# GIK ?



## John N (Jan 2, 2007)

What fabric / color is used in this  room ?


----------



## bpape (Sep 14, 2006)

Looks to be a custom fabric/style that we don't normally stock but can use.

i think it's this style if I remember correctly

http://www.guilfordofmaine.com/patterns/2526


----------



## John N (Jan 2, 2007)

what color ? 

Thanks


----------



## bpape (Sep 14, 2006)

No idea - not every sure that's the right fabric style. Plus I wouldn't make any decisions based on a picture on your PC. Cameras and monitors are all different settings unless both are calibrated.

The Crosstown is considerably more expensive and is also directional in comparison to the more oft used FR701 and Anchorage.


----------



## John N (Jan 2, 2007)

bpape said:


> No idea - not every sure that's the right fabric style. Plus I wouldn't make any decisions based on a picture on your PC. Cameras and monitors are all different settings unless both are calibrated.
> 
> The Crosstown is considerably more expensive and is also directional in comparison to the more oft used FR701 and Anchorage.

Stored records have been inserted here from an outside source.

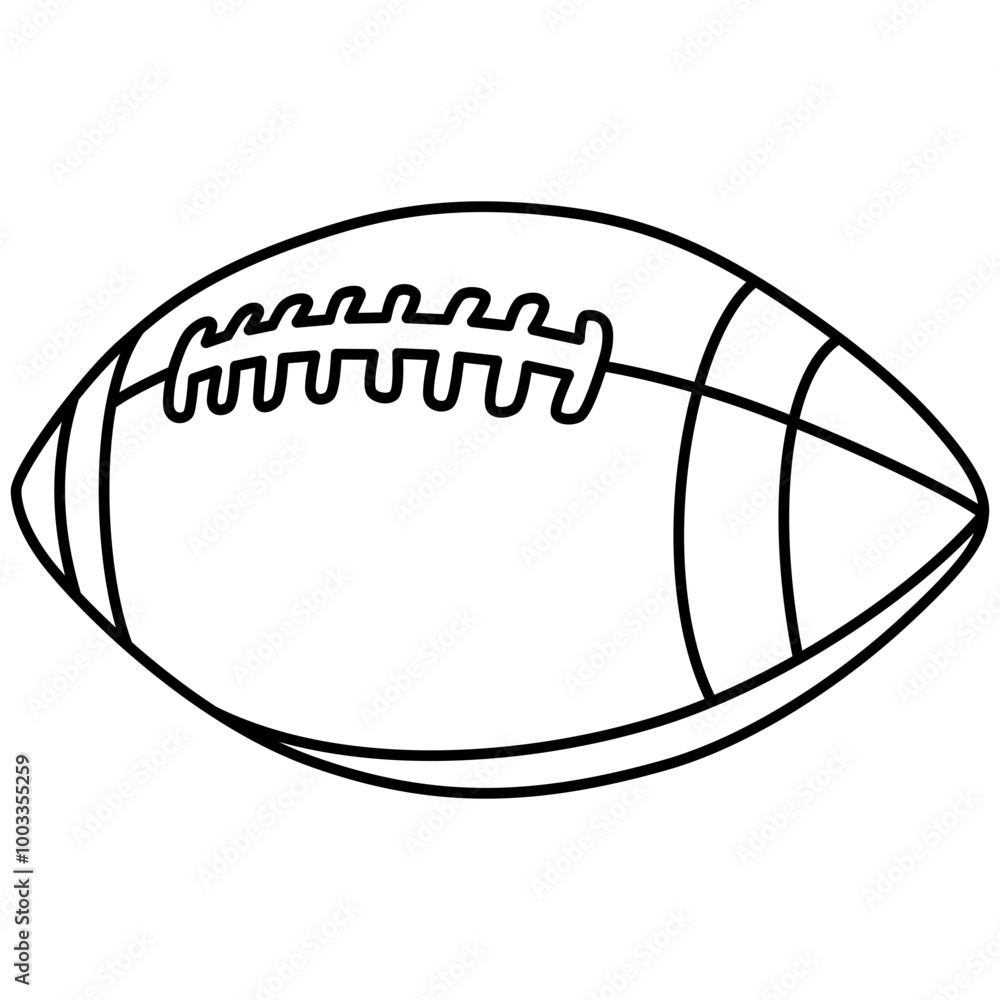 Football Ball Outline Football Ball Outline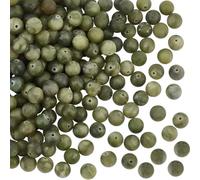 OLYCRAFT acerca de200pcs unidades 8mm Cuentas de Jade Natural de Taiwán Cuentas de Jaspe Natural Cuentas de Piedras Preciosas Sueltas para Pulsera Fabricación de Joyas - Agujero de 1.5 mm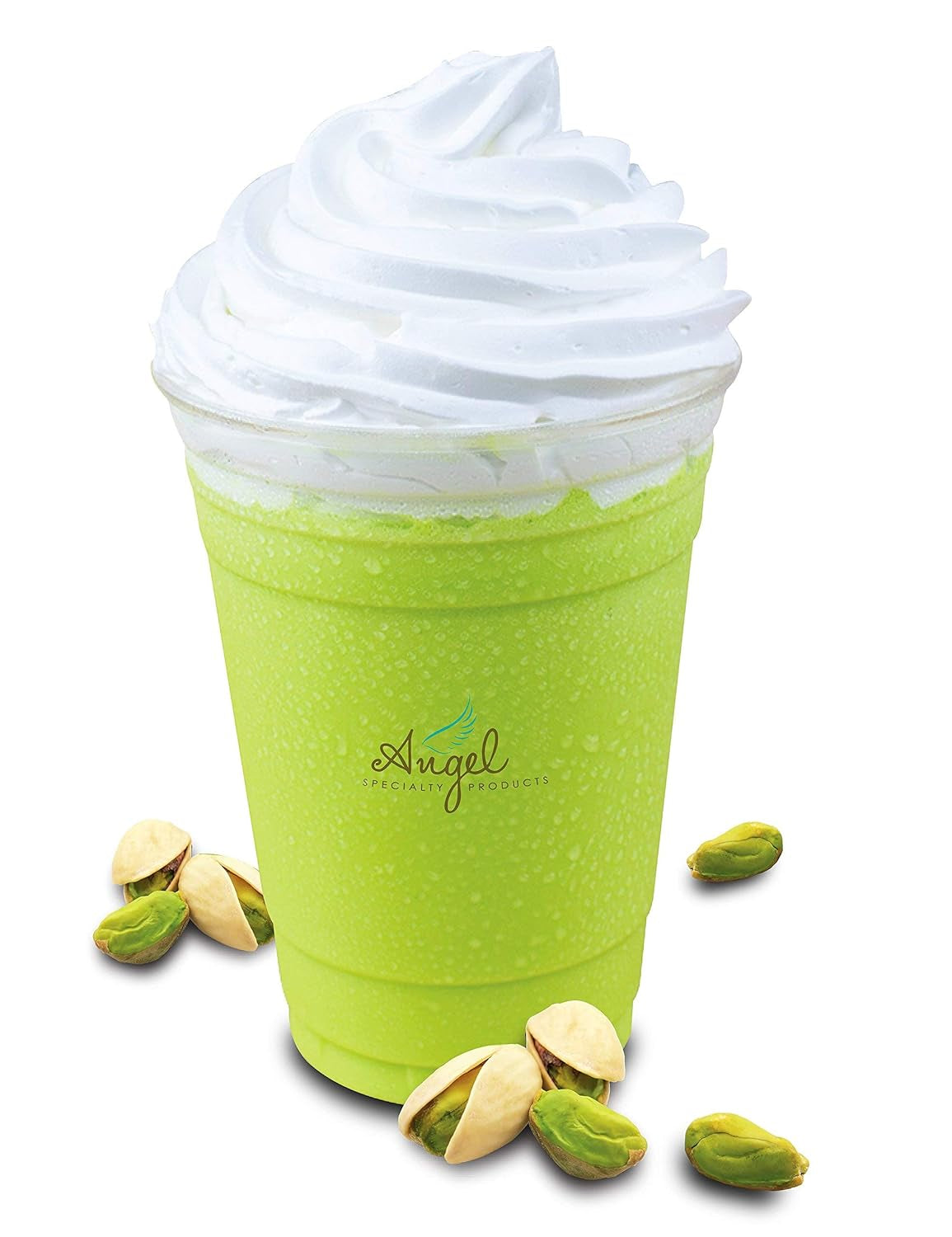 Pistachio Blended Crème Mix, 3 LB, Angel Specialty Products, Instant Powder Mix, 34 Servings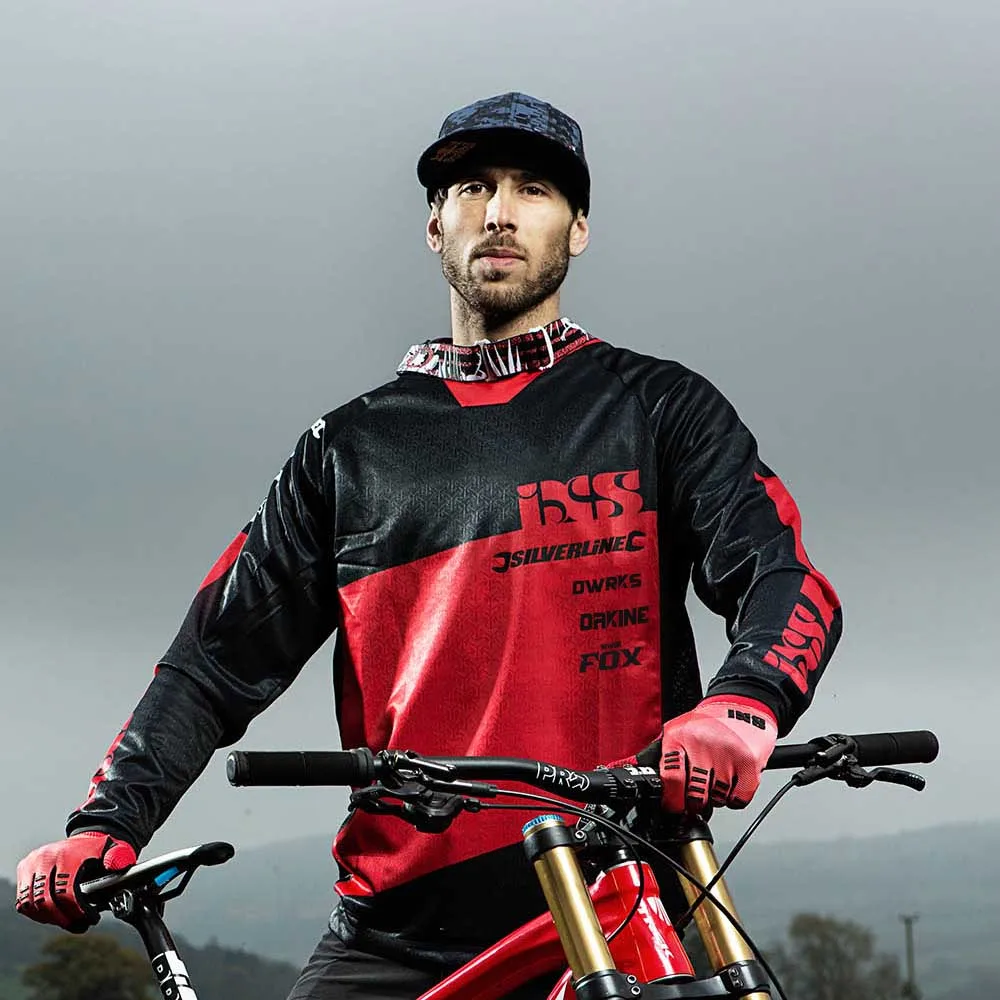 Горный велосипед горный Джерси для эндуро Мотокросс mx dh mtb спортивная одежда BMX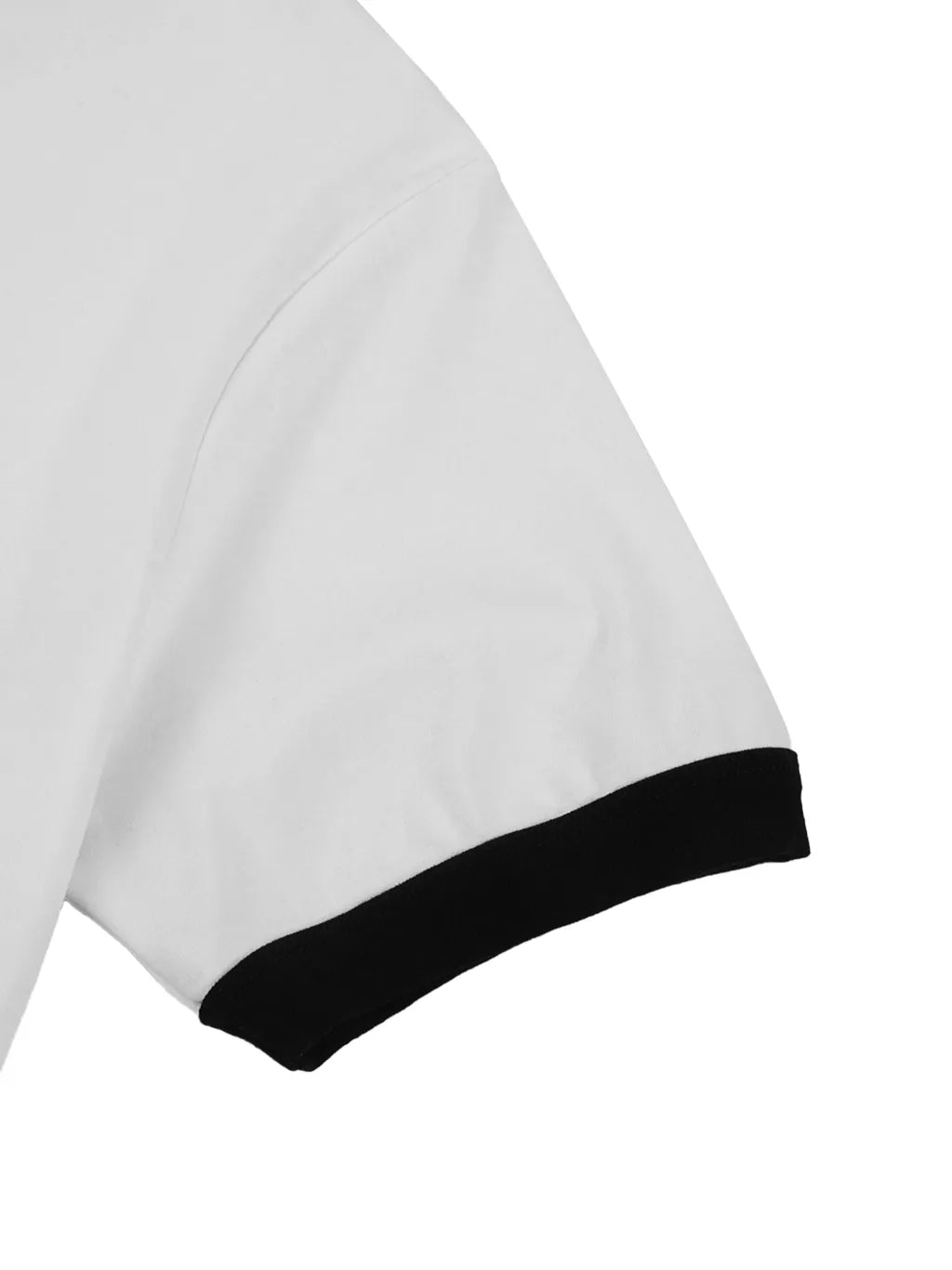 LUXURY TERMINAL - Contrast Edge Ribbed Crewneck T-Shirt
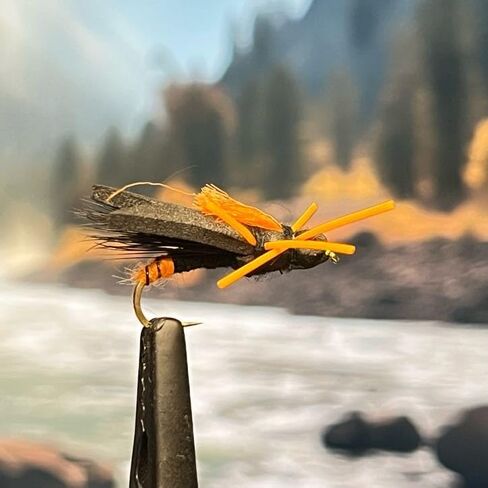 Mega Moodah Cicada - Sizes #8, 10, 12 - Pack of 3 - Terrestrial Dry Fly Attractor - Unsinkable Foam - Dropper Rig - Flyfish for Trout Bass Bluegill Crappie and Other Gamefish in Saudi Arabia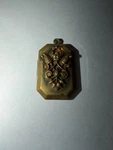 Antique Victorian Art Nuevo Brass Gold Tone Decorative Locket Pendant. Fixed Price $39.99.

That makes sense . ( I used to work at a printer )

I *had* the cloth samples when I bought my GIK 244 panels . I went with coffee . I would like to order a few more , just trying to decide on color. I like the "oatmeal" color.


----------



## bpape (Sep 14, 2006)

We still do the coffee in the standard fabric. I would think Oatmeal would blend well.


----------